I had an interesting experience today. I was using a small earth auger bit in a 1/2 gas drill to bore holes for fertilizer and iron supplement. I pulled the bit out of a hole after getting it stuck. There was some clay stuck on it. When I hit the throttle in preparation for making the next hole the bit wobbled and threw itself into a 90 degree bend at the chuck. I've got a bruise and lost a little hide but no serious injury.-It could have been bad. While I question the quality of the auger bit the moral may be to NEVER put earth augers with 1/4 inch shafts in high torque drills.:angel:


----------



## SilverBlue (Jun 10, 2004)

Ok now that we know you will survive Justin….
Your not using that synthetic chemical fertilizer crap are ya?




If so, whatzamattawithyou!?!


----------



## rb_in_va (Jun 10, 2004)

> _Originally posted by Stumper _
> *While I question the quality of the auger bit the moral may be to NEVER put earth augers with 1/4 inch shafts in high torque drills.:angel: *



Justin, was the bit made in the US, or someplace like Taiwan?


----------



## treeman82 (Jun 10, 2004)

I did something like that a year ago. One of those BIG Bosch drills. Caught a couple roots and almost got messed up. Try a pneumatic drill if you want to see torque though.


----------



## Stumper (Jun 10, 2004)

Rob, Sorta-It is a Boosted organic (DPW with chemical pellets to get the specified nutrient percentages).
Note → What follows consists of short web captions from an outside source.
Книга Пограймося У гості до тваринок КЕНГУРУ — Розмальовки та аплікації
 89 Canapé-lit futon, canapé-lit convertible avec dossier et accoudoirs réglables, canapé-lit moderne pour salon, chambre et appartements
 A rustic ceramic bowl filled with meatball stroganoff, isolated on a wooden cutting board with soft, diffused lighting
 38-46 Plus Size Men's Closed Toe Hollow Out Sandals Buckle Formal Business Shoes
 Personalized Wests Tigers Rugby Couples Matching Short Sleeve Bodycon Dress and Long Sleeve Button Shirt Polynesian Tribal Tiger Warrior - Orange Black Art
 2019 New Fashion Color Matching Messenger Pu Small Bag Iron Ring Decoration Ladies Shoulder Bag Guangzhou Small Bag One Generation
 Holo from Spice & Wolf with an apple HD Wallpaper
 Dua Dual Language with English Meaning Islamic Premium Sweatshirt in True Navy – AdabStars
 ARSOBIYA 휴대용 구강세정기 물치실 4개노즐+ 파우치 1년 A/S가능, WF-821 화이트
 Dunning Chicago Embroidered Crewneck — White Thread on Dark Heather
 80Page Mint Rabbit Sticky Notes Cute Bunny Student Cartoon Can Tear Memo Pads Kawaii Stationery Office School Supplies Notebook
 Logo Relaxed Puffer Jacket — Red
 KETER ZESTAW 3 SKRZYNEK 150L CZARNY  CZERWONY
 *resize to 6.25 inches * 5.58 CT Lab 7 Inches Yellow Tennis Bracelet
R_b, I honestly don't remember- I bought the bit last fall and don't recall where the packaging said it was made.


----------



## rb_in_va (Jun 11, 2004)

I just know that the US machine tools (drills especially) performed far better than the Chinese or Taiwan stuff. A lot of companies want to buy the cheap stuff because they don't understand that a quality tool will cut more precisely and will last longer.


----------



## OutOnaLimb (Jun 13, 2004)

Ouch!!! that sucks Justin, I have been doing vertical mulching before and caught a root and had the whole drill yanked out of my hand and pop me it the hip with the handle. Good thing it didnt catch me a little bit further south. Heal up quick so we can go fishin!!

Kenn


----------



## wiley_p (Jun 14, 2004)

They get the pan white hot, the teflon then adheres. Kind of shoots the teflon additive theory for engines out the window, rarely run internal combustion engines that hot.


----------